DevOps & Infrastructure (DVO)¶
Module Purpose: The platform's life support systems. It ensures the Pebble Orchestrator is secure, available, and recoverable. It covers automated provisioning, backups, and real-time observability.
[!IMPORTANT] Production Standard: All infrastructure is defined as code (IaC) to ensure 4-hour Recovery Time Objective (RTO).
Use Case Quick Reference¶
| ID | Title | Priority |
|---|---|---|
| US-DVO-001 | Automated User Provisioning | P1 |
| US-DVO-002 | Automated Backups & Retention | P1 |
| US-DVO-003 | Real-time Uptime Monitoring | P1 |
| US-DVO-004 | Disaster Recovery Procedure | P1 |
US-DVO-001: Automated User Provisioning¶
What It Does¶
Syncs users from the central Pebble Auth system to all integrated tools (like Plane.so) automatically. When a new sales rep is hired in the CRM, they instantly get access to the Kanban board without manual IT intervention.

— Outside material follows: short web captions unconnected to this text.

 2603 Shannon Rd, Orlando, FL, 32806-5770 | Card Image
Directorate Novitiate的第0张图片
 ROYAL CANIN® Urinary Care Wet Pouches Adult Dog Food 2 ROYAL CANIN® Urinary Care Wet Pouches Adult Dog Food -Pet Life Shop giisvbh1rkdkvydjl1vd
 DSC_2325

Who: System Admin / HR Trigger
When: On User Creation
How It Works¶
- Trigger: New user account created in Pebble (Django).
- Action:
- Fires a
User.createdsignal. - Calls Plane API to create a workspace member with specific role (Member/Admin).

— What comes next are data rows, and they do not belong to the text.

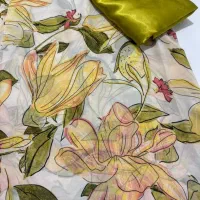 لباس دورنگ وزی آستین|لباس|خاش, |دیوار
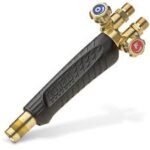 Cigweld Additional Blowpipe Kit for Platemate 2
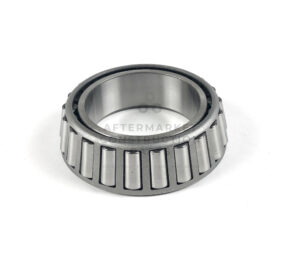 Product Image Yz9dnphkyjq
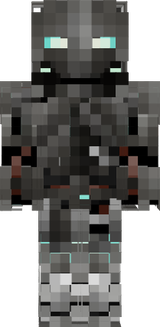 ultimomcu
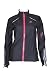 Adidas adistar Gore-Tex Paclite Shell Damen Jacke Laufjacke Running Jogging Runningjacke Joggingjacke Sport Regen Regenjacke Funktionsjacke Outdoorjacke outdoor wasserabweisende wasserfeste wasserdichte atmungsaktive Frauen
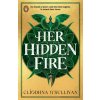 Her Hidden Fire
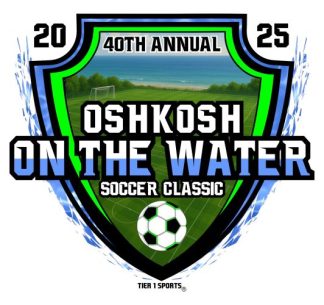 2025 Oshkosh on the Water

- Generates and emails an invitation link.
- Offboarding: Disabling Pebble account automatically revokes tokens for Plane.
US-DVO-002: Automated Backups & Retention¶
What It Does¶
Protects against data corruption or accidental deletion. It performs nightly snapshots of the entire stack and offloads them to secure, off-site storage.
Who: DevOps Automation
When: Nightly (2 AM)
How It Works¶
- Database: Runs
pg_dumpon PostgreSQL (Pebble + Plane). - Storage: Offloads compressed dumps to S3/MinIO.
- Retention:
- Nightly backups kept for 30 days.
- Monthly snapshots kept for 1 year.
- Alerting: If backup fails to upload, sends urgent Slack ping to IT.

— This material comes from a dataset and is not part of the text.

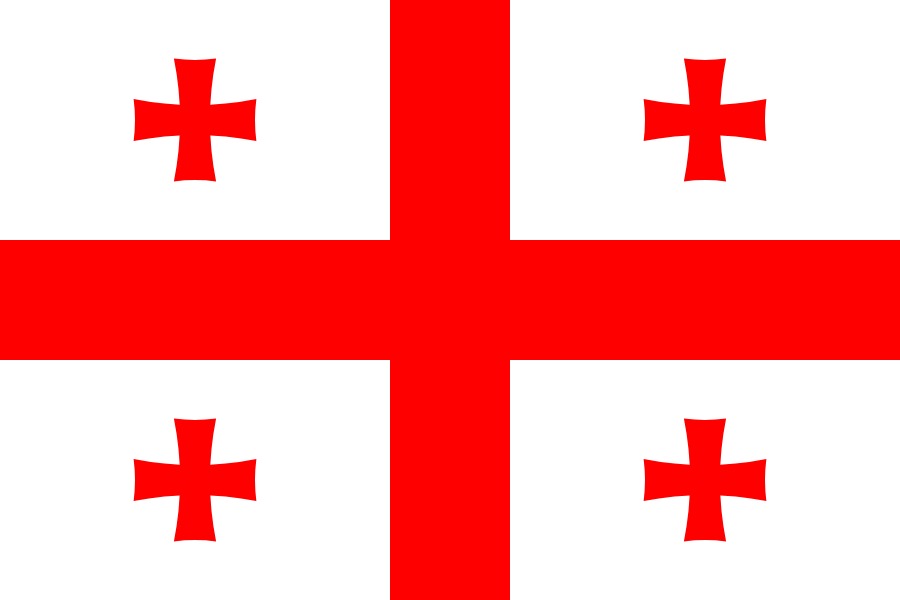 Georgia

US-DVO-003: Real-time Uptime Monitoring¶
What It Does¶
The "Dashlight". Monitors the health of all microservices and triggers alerts before users notice a slowdown.
Who: System Watchdog
When: Continuous
How It Works¶
- Heartbeat: Polls
/healthendpoints of Email Listener, Classifier, and Plane. - Latency: Tracks API response times (Target: < 500ms).
- Dashboard: Grafana displays:
- Green = Healthy.
- Yellow = Degraded (Slow).
- Red = Down.
- Escalation: If down for > 5 mins, triggers SMS to On-call Engineer.
US-DVO-004: Disaster Recovery Procedure¶
What It Does¶
The "Emergency Break". A documented and tested procedure to rebuild the entire platform from scratch in a new region/server in under 4 hours.
Who: IT Recovery Team
When: Critical System Failure
How It Works¶
- Infrastructure: Deploy using Terraform scripts to AWS/Azure/DigitalOcean.
- Restore: Pull latest data dump from DVO-002.
- Verification: Automated test suite runs to check Ingestion -> Classification flow.
- Cutover: Update DNS records to points to new environment.